Version Info:
OS: CentOS 6.4
Kernel (current): 2.6.32-358.11.1.el6.x86_64
Pacemaker: 1.1.8-7.el6
Corosync: 1.4.1-15.el6_4.1
CRMSH: 1.2.5-55.6
Resource Agents: 3.9.2-21.el6
I'm having a problem with the ProFTPD OCF script
(/usr/lib/ocf/resource.d/heartbeat/proftpd) and the monitor function.
Here is the relevant section of my config (anonymizing addresses):
primitive TEST-EXT-IP ocf:heartbeat:IPaddr2 \
params ip="xxx.yyy.zzz.11" \
op monitor interval="30s"
primitive TEST-PROFTPD ocf:heartbeat:proftpd \
params conffile="/usr/local/etc/test_proftpd.conf"
binary="/usr/local/sbin/proftpd" test_user="gpmreal"
test_pass="[email protected]"
curl_url="ftp://hacbackup.blah.blah.bla"
pidfile="/var/run/test_proftpd.pid" \
op monitor interval="2m"
primitive TEST-PWFILE ocf:PPS:hacPWFile \
params role="nrt"
group TEST TEST-PWFILE TEST-EXT-IP TEST-PROFTPD
location test-dislike-a TEST \
rule $id="test-dislike-a-rule" -inf: class eq A
colocation test_and_hacmaster -inf: TEST HACMASTER
colocation test_and_nrtdistro -inf: TEST NRTDISTRO
colocation test_and_sdpsmaster -inf: TEST SDPSMASTER
property $id="cib-bootstrap-options" \
dc-version="1.1.8-7.el6-394e906" \
cluster-infrastructure="classic openais (with plugin)" \
expected-quorum-votes="12" \
stonith-enabled="false"
rsc_defaults $id="rsc-options" \
resource-stickiness="500"
Now, from what I can tell ProFTPD actually STARTS and RUNS just fine. I
can see it running:
# ps -ef | grep ftp
nobody 482 1 0 11:31 ? 00:00:00 proftpd: (accepting
connections)
I can login to it:
# ftp hacbackup
Connected to hacbackup.blah.blah.bla.
220 ProFTPD 1.3.4c Server (HAC TEST) [xxx.yyy.zzz.11]
500 AUTH not understood
Name (hacbackup:astocker): gpmreal
331 Anonymous login ok, send your complete email address as your password
Password:
230 Anonymous access granted, restrictions apply
Remote system type is UNIX.
Using binary mode to transfer files.
ftp> dir
227 Entering Passive Mode (198,118,195,11,250,89).
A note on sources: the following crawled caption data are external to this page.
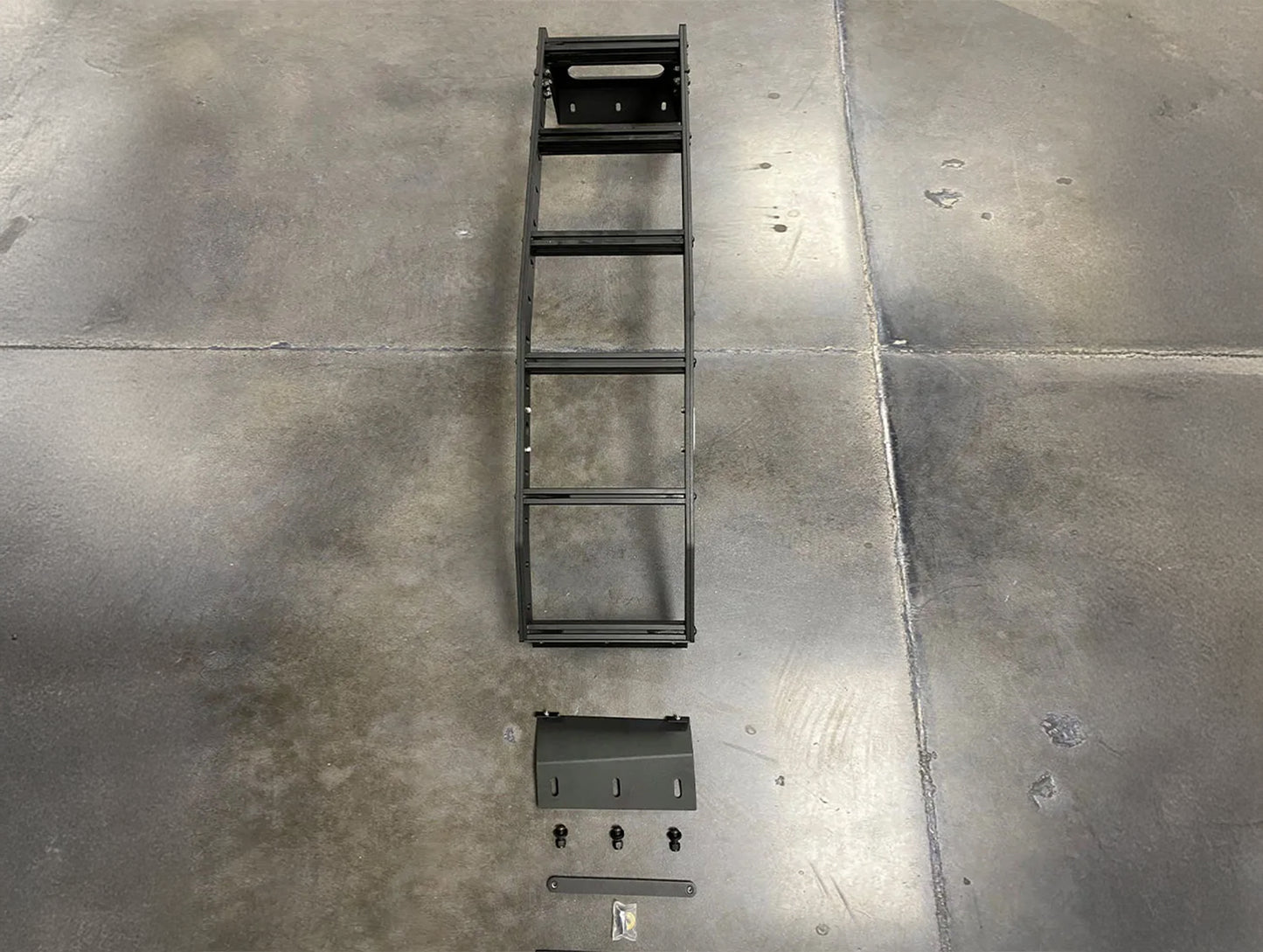 Westcott Designs Rear Hatch Ladder - 10-24 4Runner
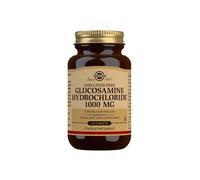 Clorhidrato de glucosamina 1000 mg 60 comprimidos Solgar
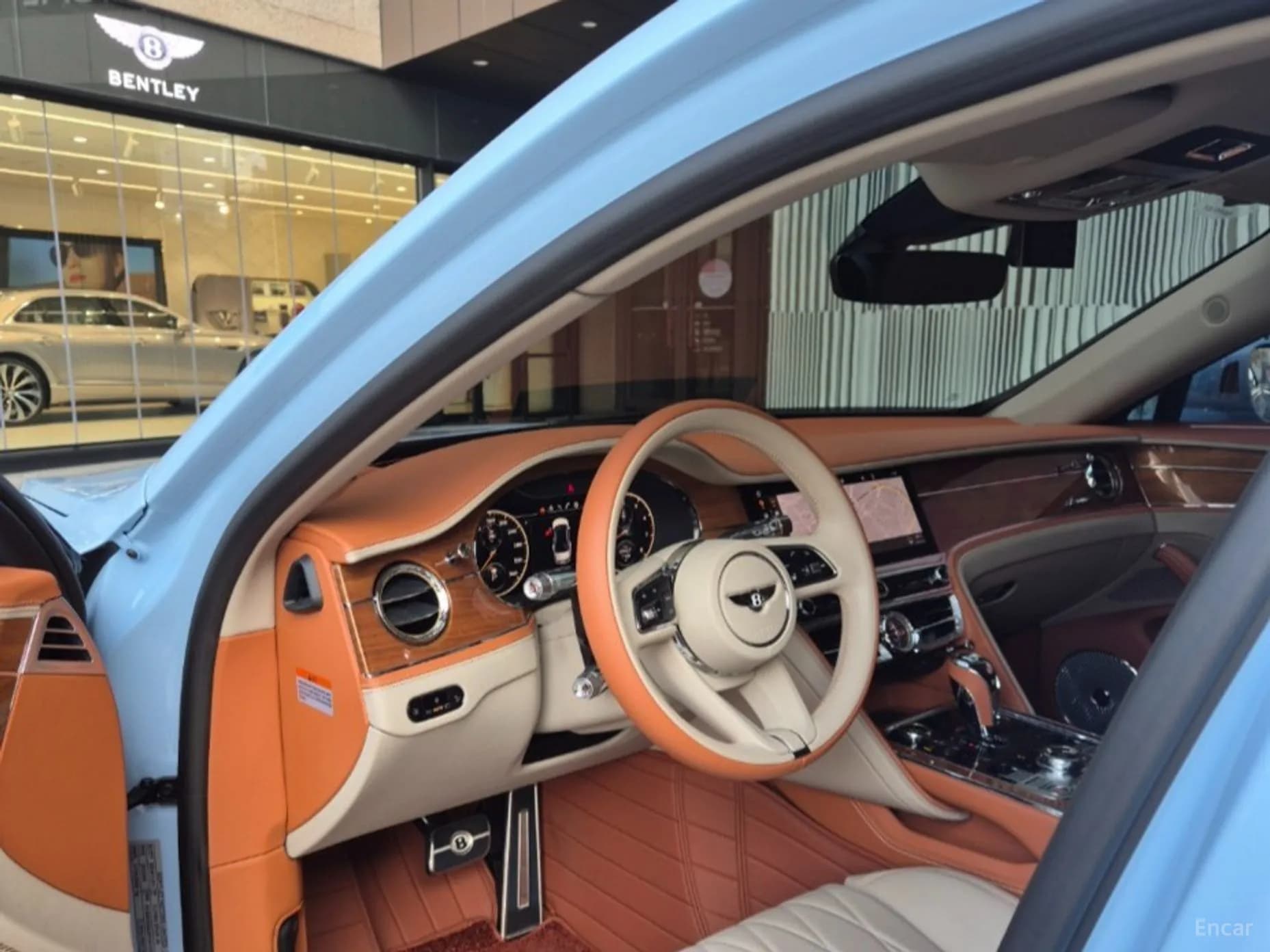 Flying Spur 3rd Generation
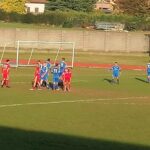 13^ – Tris Saronno, Base 96 di misura per il trono. La Besnatese cade in casa, Cas rimontato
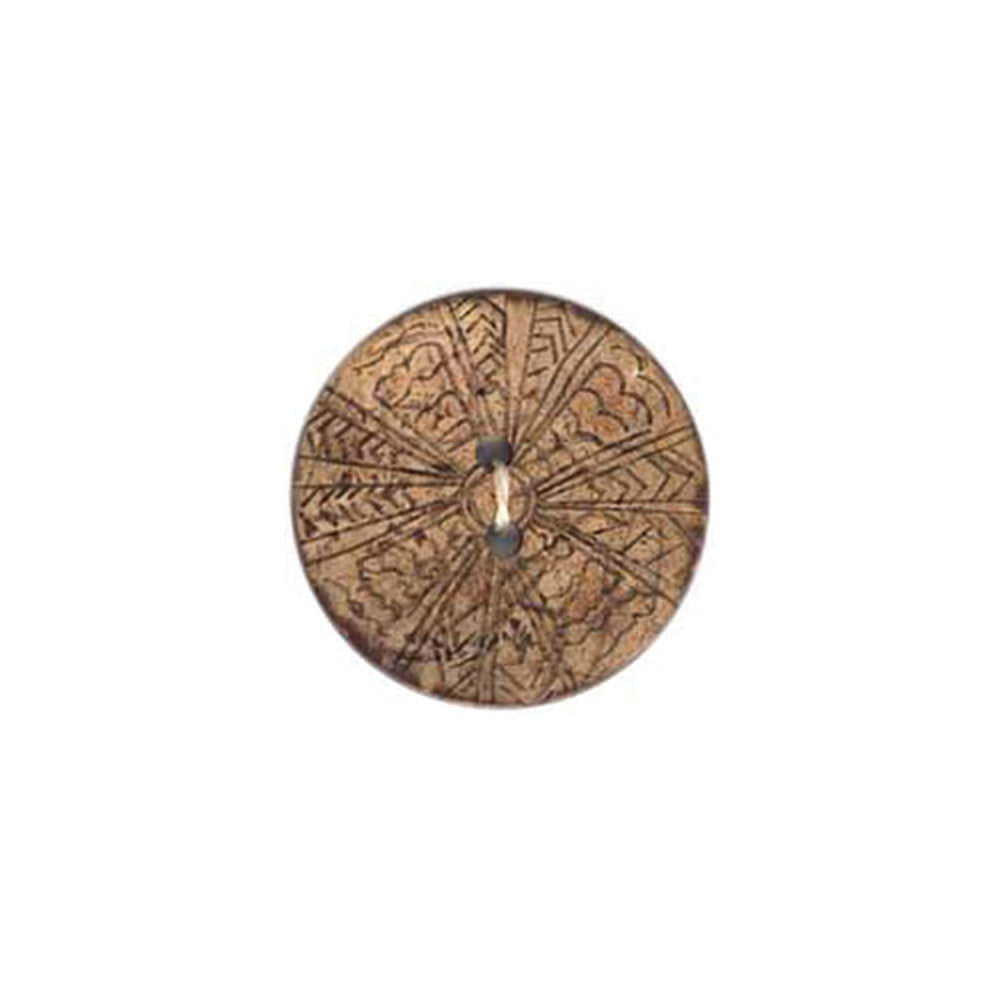 EMBASSY 2-Hole Button 25 mm (1 in.) 2-Pack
150 Opening ASCII mode data connection for file list
lrwxrwxrwx 1 root root 4 Jul 2 11:41 NRTPUB -> data
drwxr-xr-x 2 root root 4096 Apr 15 14:33 data
226 Transfer complete
However, the 'op monitor' function appears to think that it is down:
(from crm_mon -1r)
Failed actions:
TEST-PROFTPD_monitor_120000 (node=gpmhac10, call=4414, rc=7,
status=complete): not running
(from grep monitor /var/log/messages)
...snip...
Jul 2 11:42:06 gpmhac10 crmd[2853]: notice: process_lrm_event: LRM
operation TEST-PROFTPD_monitor_120000 (call=5096, rc=7, cib-update=1493,
confirmed=false) not running
Jul 2 11:42:07 gpmhac10 crmd[2853]: notice: process_lrm_event: LRM
operation TEST-PROFTPD_monitor_120000 (call=5107, rc=7, cib-update=1496,
confirmed=false) not running
...snip...
Now, when I look at the OCF script for the monitor function I see that
it's looking for a PID file (actually it first calls proftpd_status which
also looks for the PID file.) According to the script the PID file should
by default be ${OCF_RESKEY_pidfile="/var/run/proftpd.pid"}, and in my
definition is basically the same: pidfile="/var/run/test_proftpd.pid" but
there is no *ftpd.pid file in that directory:
# ls -l /var/run | grep ftp
#
As a matter of fact I cannot figure WHERE the PID file is at all, if I
call the init.d proftpd script it reports success:
# /etc/init.d/proftpd status
proftpd (pid 482) is running...
So it seems to know where to look for the PID, or else it's doing
something different entirely to determine the status.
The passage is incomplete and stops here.